В Вене мы вначале попробовали получить транзитную визу прямо в отделе иммиграции аэропорта, но нас вежливо, но вполне определенно послали в посольство в Москву. Поскольку в Москву было тоже уже не попасть, пришлось смириться со своей судьбой и отказаться от надежды увидеть венские улицы и воды Дуная. Вместо этого мы отправились в центр обслуживания пассажиров и там после долгих пререканий нам все-таки переоформили багаж на Гонконг. Затем мы зарегистрировались на гонконгский рейс и предались вынужденному безделью, ибо до посадки у нас оставалось еще пять часов. Точнее, бездельничал только я; Лев уселся писать свой доклад, поскольку не удосужился сделать это дома. Поистине нет худа без добра.
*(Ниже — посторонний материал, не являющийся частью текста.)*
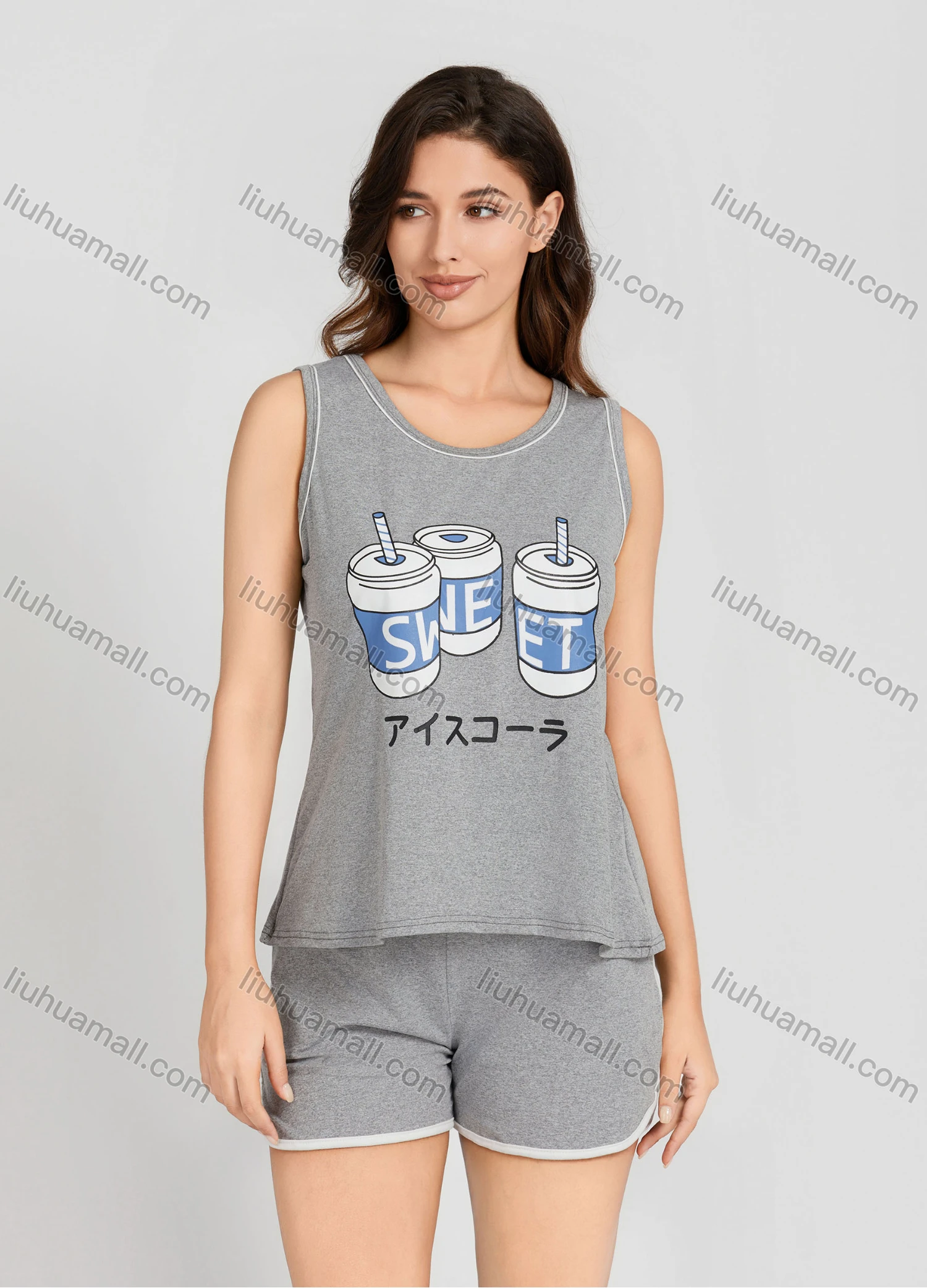 Wholesale Women's Casual Graphic Round Neck Tank Top With Shorts 2 Piece Set 301-1# - Liuhuamall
Я же принялся слоняться по транзитной зоне аэропорта и за два часа изучил ее в деталях. Чашечка относительно приличного кофе с венской выпечкой завершила мои похождения, после чего я уселся на скамейку близ магазина Caviar House, в котором по совершенно безумным ценам продавалась иранская (не российская!) черная икра и всякие приспособления (ножики и прочее) для правильного ее потребления. Поскольку ни икра, ни тем более приспособления не были мне нужны, я предался самосозерцанию. В ходе оного я обнаружил, что хотя мое противоестественное влечение к контакту с Андреем Королевым несколько ослабло, но тем не менее никуда не делось. Мне даже захотелось вот прямо сейчас из Вены позвонить ему и сказать… Впрочем, что мне хотелось ему сказать, я так и не понял, а потому отменил и звонок. Наконец объявили посадку, я нашел Льва Петровича, и мы вместе отправились в наш «боинг» компании «Лауда Эйр».
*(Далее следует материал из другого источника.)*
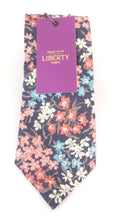 Sea Blossom Pink Cotton Tie Made with Liberty Fabric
Полет в Гонконг мне запомнился прежде всего тем, что нас закармливали, причем очень вкусной и сытной едой. Нас кормили, когда мы пролетали над Болгарией и Турцией, нас кормили, когда мы летели над Бирмой, и нас снова кормили после вылета из Бангкока, где у нас была кратковременная посадка. В последнюю кормежку я с трудом заставил себя поесть, ибо был еще вполне сыт, но очень хотел пить, а когда хочешь пить, то еда уж вовсе ни к чему. На электронной карте в передней части салона было видно, что мы аккуратно облетаем Камбоджу прямо по пограничной линии, не вторгаясь в ее воздушное пространство. Полоска Вьетнама, Южно-Китайское море, и пилот объявляет снижение перед посадкой в городе Гонконге, называемом на нормативном китайском языке Сянганом, – Порту Ароматов. Крыло самолета пронеслось прямо над бирюзовой морской волной, возникла и исчезла то ли бухта, то ли залив с живописными островками и рыболовным суденышком «Принцесса Востока», легкий толчок, и вот мы уже покидаем чрево нашего «боинга». Сянган, ни хао![5]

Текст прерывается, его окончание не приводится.